Enfin, l'automne. Le moment de ressortir l'album de Fever Ray, lancé en février et qu'on avait rangé dès les premières soirées chaudes de mai. Car, dans toute sa sinistre splendeur synthétique, ce disque de chanson électronique à contre-courant (lire: qui n'emprunte rien aux années new wave) ne supporte pas les journées ensoleillées. Même que sa saison serait plutôt l'hiver.

 

«Justement, c'était l'hiver en Suède lorsque j'ai composé mon disque», répond Karin Dreijer Andersson dans un anglais teinté de cet accent nordique qui connote chacune de ses chansons. «Et l'hiver chez nous, il fait noir. Dès 14h. C'est horrible. C'est pour ça qu'il y a autant de Suédois en Thaïlande l'hiver...»

«C'est intéressant de voir comment le climat peut influencer la musique qu'on écrit. J'imagine que si je composais un album durant l'été, ma musique serait plus rythmée et enjouée», ajoute-t-elle en échappant un petit rire.

Au bout du fil, Karin Dreijer Andersson parle sur un ton calme. Exactement l'image qu'on se fait de cette femme, mi-trentaine, mère de deux jeunes enfants, et l'une des figures les plus énigmatiques de la scène pop underground depuis le succès initial du deuxième album de The Knife, Deep Cuts.

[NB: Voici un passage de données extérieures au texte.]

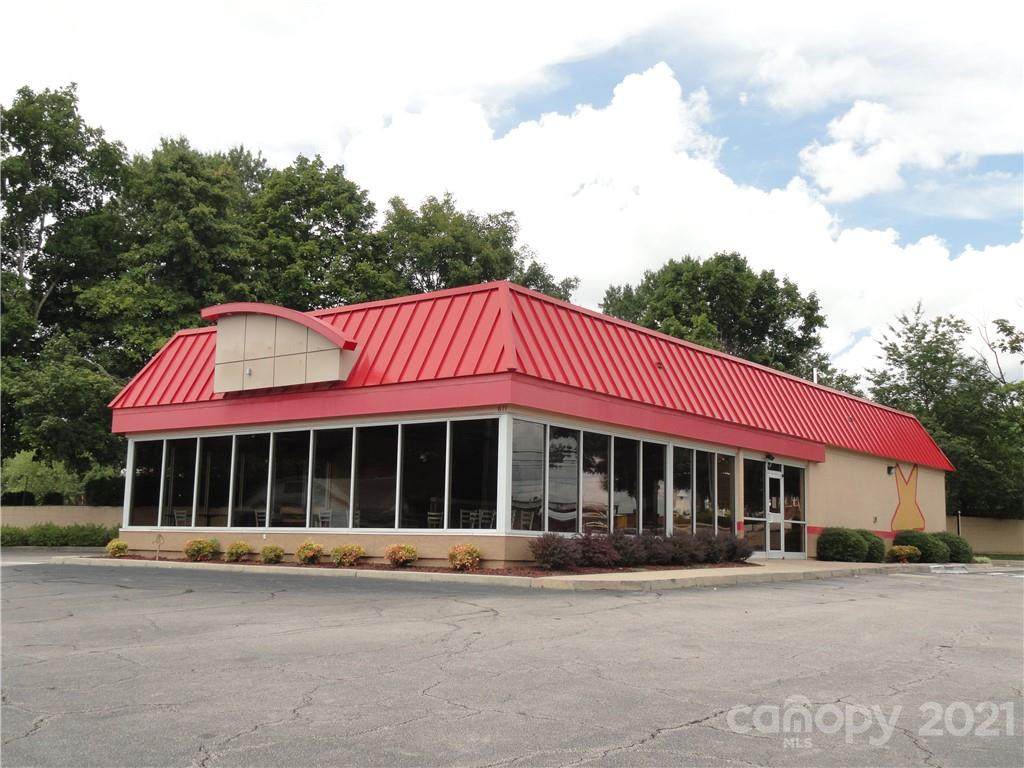 611 Jackson Park Road - Photo 1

Sur disque, sa voix est souvent maquillée, lui donnant un air très grave, à la limite du lugubre. Sur scène, où elle affirme «jouer un personnage», elle apparaît masquée. Elle apparaît surtout peu fréquemment: The Knife n'a donné qu'une vingtaine de concerts après la sortie de Silent Shout (2006). Pour Fever Ray, elle en donnera une quarantaine. Ses entrevues sont aussi rares, admet-elle, «mais aujourd'hui, je peux dire que j'aime donner des concerts. Il faut dire que je suis entourée de bons musiciens qui me mettent en confiance, et avec qui il fait bon voyager. C'est important, je crois.»

La pop de Fever Ray est appliquée, marquée par sa voix urgente et par des arrangements futuristes, minimalistes et obsédants. Une musique somme toute sérieuse. « Tout ce que je fais est sérieux. La musique, c'est tout mon temps, sauf lorsque je ne suis pas auprès de ma famille. Il faut que ce le soit, sinon je ferais autre chose.»

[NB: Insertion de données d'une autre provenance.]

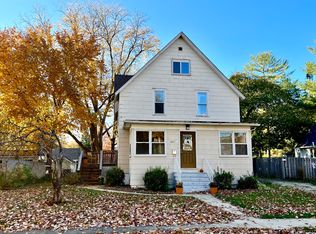 427 1/2 S 6th St, Dekalb, IL 60115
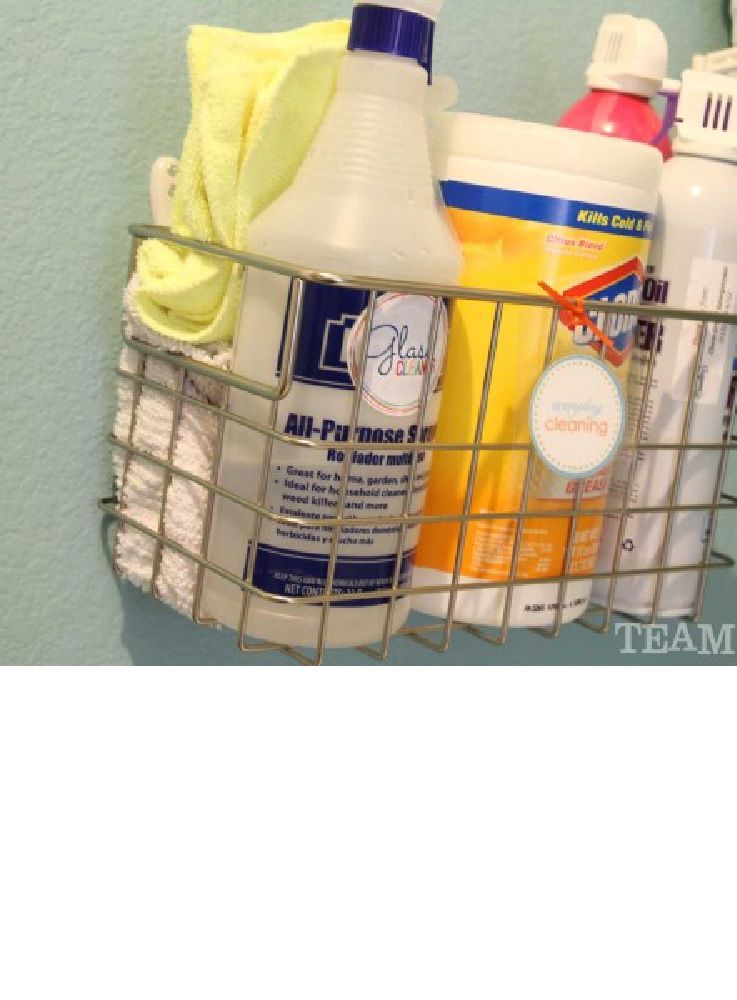 Organización de suministros de lavandería, incluyendo toallitas y limpiador en una estantería montada en la pared.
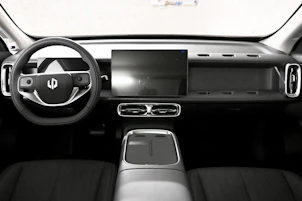 Fahrzeugbild LEAPMOTOR B10 1.5 Hybrid EV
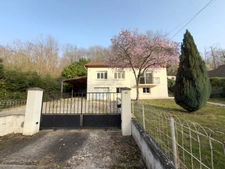 Maison entièrement rénovée à vendre 4 pièces de 85m2 avec 3 chambres et garage 60 m2 sur 833 m2 de terrain à CREYSSE (24)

À ces musiques cliniques, parcimonieuses et pourtant enchantées, Karin appose des textes chargés d'émotion, souvent déroutants. Exemple, tiré de When I Grow Up: «Lorsque je serai grande / Je veux être garde-champêtre et courir dans la tourbe en talon hauts / C'est ce que je ferai».

«J'essaie d'écrire des paroles qui illustrent ce que m'inspire la musique, qui me vient toujours en premier, dit-elle. Certaines me sont inspirées de mon enfance; d'autres viennent de réflexions qu'on peut se faire, en tant qu'adulte, sur notre enfance. D'autres encore me sont inspirées par mes enfants, les trucs qu'ils racontent.»

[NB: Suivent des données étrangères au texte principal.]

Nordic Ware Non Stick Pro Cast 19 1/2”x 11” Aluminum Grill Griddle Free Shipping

En décembre, Karin donnera un dernier concert à Londres avant de retourner dans son hiver sombre, sa famille et son studio. Après? L'inconnu. Chose certaine, la musique de cet opéra sur la vie de Charles Darwin, intitulé Tomorrow in a Year et commissionné à The Knife par le Royal Danish Theater de Copenhague, paraîtra sur disque «au début de l'année prochaine», confirme la musicienne qui avait assisté à la première de l'opéra quelques jours avant notre entretien.

«C'était stressant, confie-t-elle. Je n'étais pas sur scène, mais dans la salle, avec Olof. Des choses étranges se sont produites au début du spectacle... Mais je suis satisfaite du résultat. De la musique, surtout. Je pense que c'est vraiment bon.»

Fever Ray, en concert le 1er octobre au Métropolis.